The threat of wildfires is real, and work is underway by many federal, state, and local agencies to reduce this threat. We also know that the threat of significant smoke is real.
In seven of the last 10 summers, there were 59 days when our local air quality failed to meet health-based standards due to wildfire smoke. Those days meant deciding when and where to move outdoor activities indoors and whether to postpone or cancel summer camps, swimming lessons, and so many other activities we enjoy during summer.
These major inconveniences pale in comparison to the health consequences of breathing smoke, especially for our most vulnerable residents and visitors.
At Spokane Regional Clean Air Agency, we monitor air pollutants and report levels using the Air Quality Index (AQI).
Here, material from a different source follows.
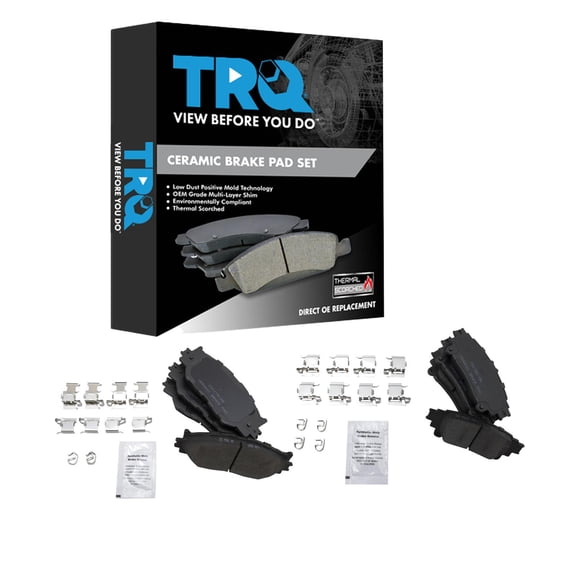TRQ Front and Rear Brake Pad Set Ceramic Hardware Fits 2014-2015 Lexus IS250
Concentrations of pollutants are converted to the AQI. The AQI ranges start at 0–50 (good air quality/green) all the way to 301–500 (hazardous air quality/maroon). We provide a current AQI on our website that updates hourly, as well as two-day AQI forecasts so that people can make choices to protect their health.
When smoke is increasing and expected to reach unhealthy levels, our agency and the Spokane Regional Health District work together to inform the public on how they can protect themselves and others from smoke exposure.
The time to prepare and act is now, before the smoke arrives.
Together with other agencies, we promote the annual Smoke Ready Week. Each day from June 13–17, we and our partners highlight actions that you can take now, in your own home or business, to prepare and why it is important to do so. Through our websites (SRHD, SRCAA), social media, articles like this, community events, and with the help of our local news media, we will provide this vital information throughout the summer.
Smoke from wildfires contains gases and fine particles. The biggest health threat from smoke is from fine particles—or PM2.5, which is particulate matter measuring 2.5 micrometers in diameter or smaller (see the image below to get an idea of how small 2.5 micrometers is). The size of particles is linked to their potential for causing health problems. Fine particles are considered more harmful because they travel deeper into your lungs, and some may even get into your bloodstream.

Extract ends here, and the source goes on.